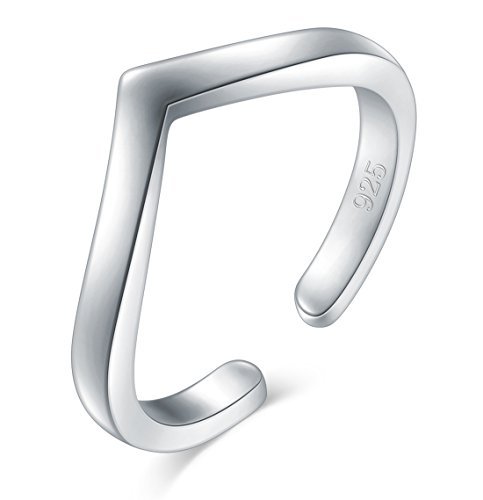 Product Cover 925 Sterling Silver Toe Ring, BoRuo Wave Hawaiian Adjustable Band Ring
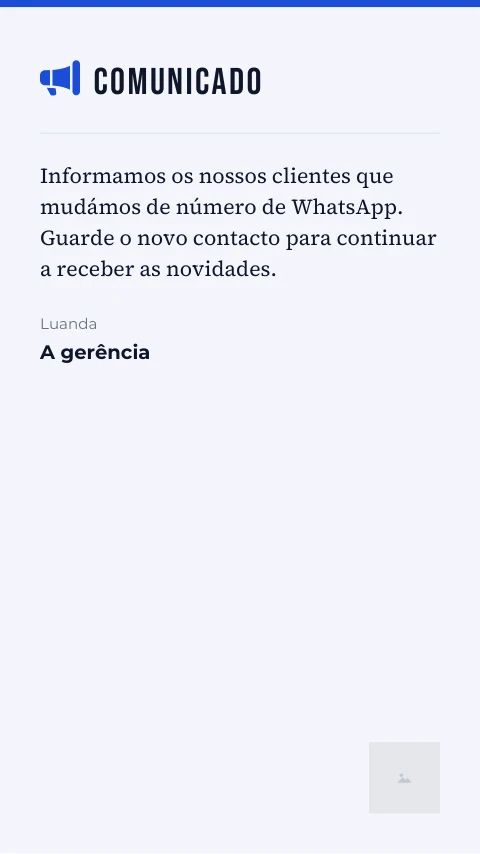 Pré-visualização do modelo Comunicado aos clientes (Negócios)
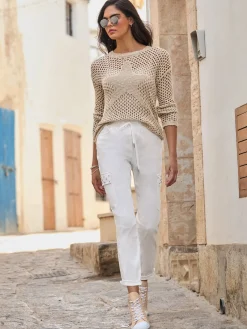Pantalon ceinture élastique, coulisse et lien à nouer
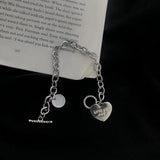 Heart Necklace Women Punk Stainless Steel Chain Hip Hop Letter Chokers Statement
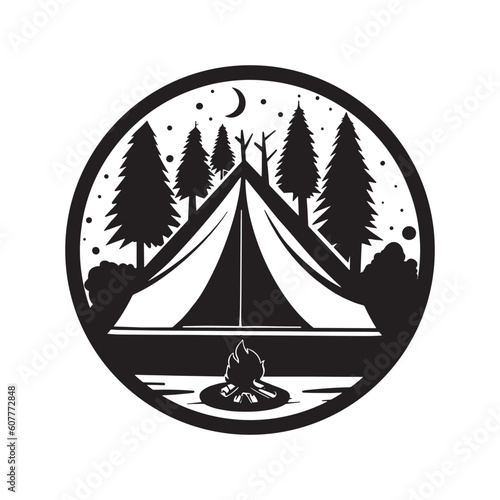 black and white camping logo design vector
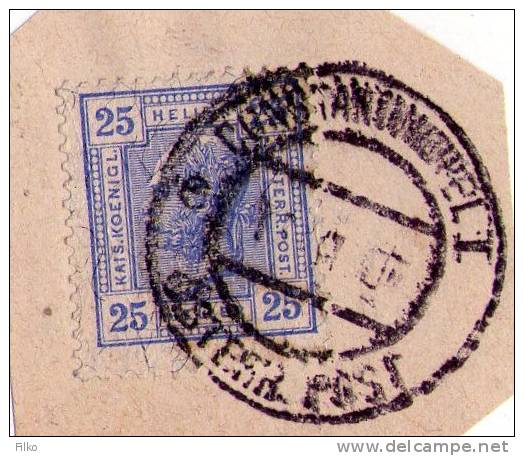 Austria 1899,Y&T#72, Mi# #76, 25 H.used In Austrian PO In Turkey,cancell:constantinopel,on Piece,as Scan - Oostenrijkse Levant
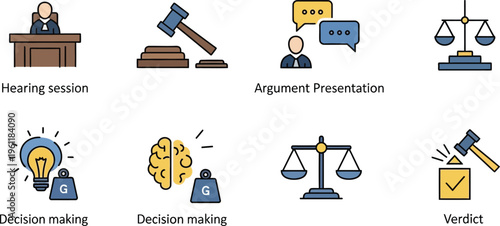 Courtroom decision making icons show a judge presiding, a gavel striking a block, and abstract scales balancing ideas for legal verdict.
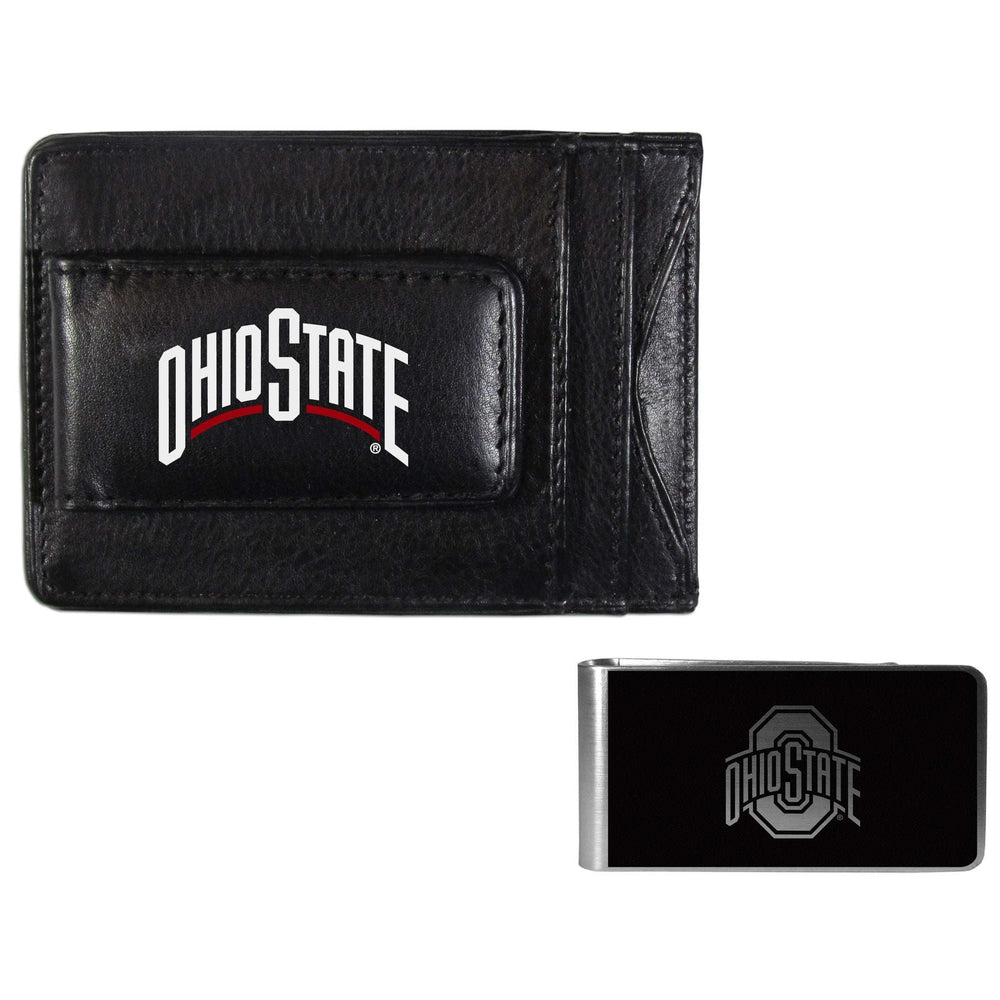 Ohio St. Buckeyes Leather Cash & Cardholder & Black Money Clip - Ohio St. Buckeyes - Flyclothing LLC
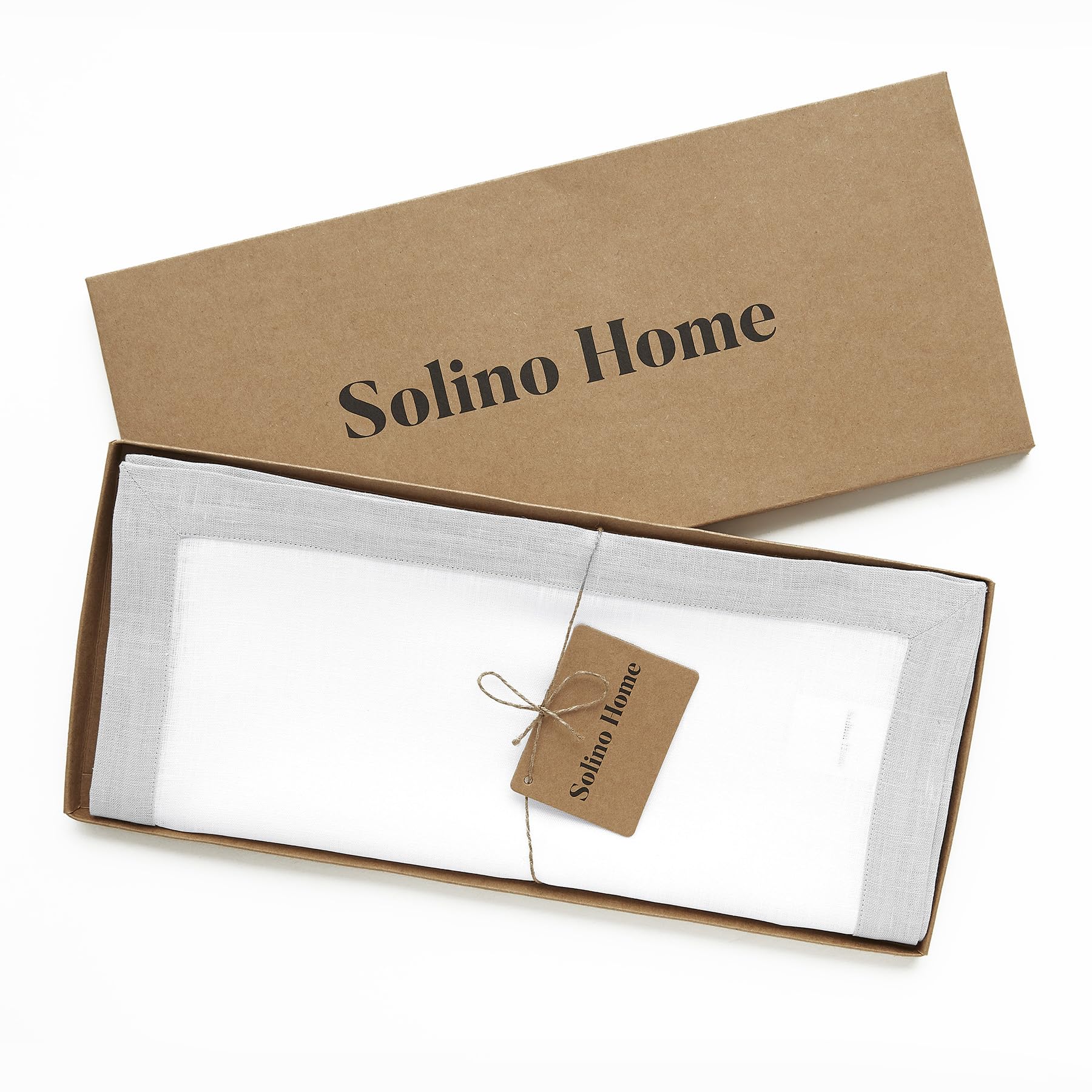 Solino Home 100% Pure Linen Table Runner 14 x 60 Inches - Classic Soft Grey & White Dining Table Decor for Weddings, Dinner Parties, and Coffee Tables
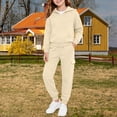 thumbnail image 4 of CAICJ98 Toddler Kids Sweatsuit Girls Boys 2 Piece Tracksuit Jogging Outfits Set Hooded Sweatshirt and Jogger Sweatpants Clothing Sets,Size 13-14 Years, 4 of 6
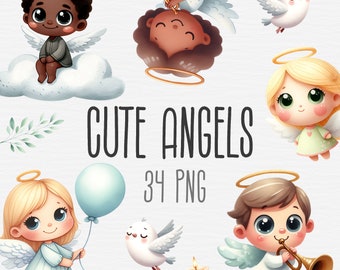 Cute Angels Clipart Bundle, Baby Angel PNG, Little Angel, Christmas Illustrations, Baptism, Religious PNG, Digital Download, Commercial Use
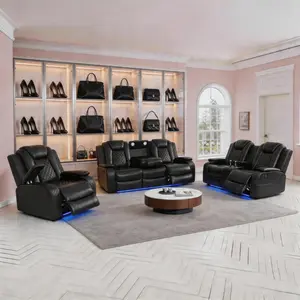 Luxury Luxury Black Breathing 3-Piece Living Room Modern Power Reclining Leather Sofa Set Luxury Luxury Black Breathing 3-Piece Living Room Modern Power Reclining Leather Sofa Set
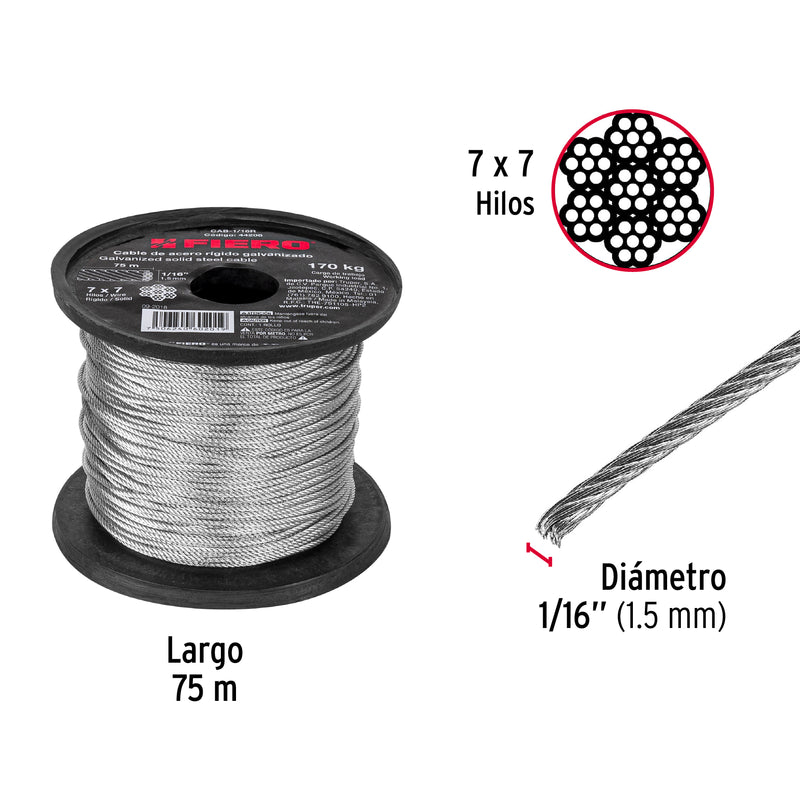 Cable de Acero 7 x 7 Hilos Fiero 1/16" (1.5 mm)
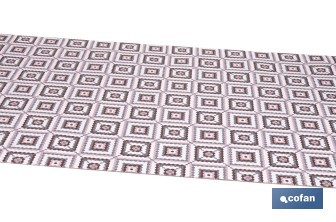 Rollo de alfombra vinílica para interior | Diseño de cuadros crochet | Impermeable y de fácil limpieza - Cofan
______
Leave the pictures aside and give the records above back word for word.

__OUTPUT FOR THIS TASK__.
 Product Cover 925 Sterling Silver Toe Ring, BoRuo Wave Hawaiian Adjustable Band Ring
 Pré-visualização do modelo Comunicado aos clientes (Negócios)
Pantalon ceinture élastique, coulisse et lien à nouer
 Heart Necklace Women Punk Stainless Steel Chain Hip Hop Letter Chokers Statement
 black and white camping logo design vector
 Austria 1899,Y&T#72, Mi# #76, 25 H.used In Austrian PO In Turkey,cancell:constantinopel,on Piece,as Scan - Oostenrijkse Levant
 Courtroom decision making icons show a judge presiding, a gavel striking a block, and abstract scales balancing ideas for legal verdict.
 Ohio St. Buckeyes Leather Cash & Cardholder & Black Money Clip - Ohio St. Buckeyes - Flyclothing LLC
 Solino Home 100% Pure Linen Table Runner 14 x 60 Inches - Classic Soft Grey & White Dining Table Decor for Weddings, Dinner Parties, and Coffee Tables
 thumbnail image 4 of CAICJ98 Toddler Kids Sweatsuit Girls Boys 2 Piece Tracksuit Jogging Outfits Set Hooded Sweatshirt and Jogger Sweatpants Clothing Sets,Size 13-14 Years, 4 of 6
 Cute Angels Clipart Bundle, Baby Angel PNG, Little Angel, Christmas Illustrations, Baptism, Religious PNG, Digital Download, Commercial Use
 Luxury Luxury Black Breathing 3-Piece Living Room Modern Power Reclining Leather Sofa Set Luxury Luxury Black Breathing 3-Piece Living Room Modern Power Reclining Leather Sofa Set
 Cable de Acero 7 x 7 Hilos Fiero 1/16" (1.5 mm)
 Rollo de alfombra vinílica para interior | Diseño de cuadros crochet | Impermeable y de fácil limpieza - Cofan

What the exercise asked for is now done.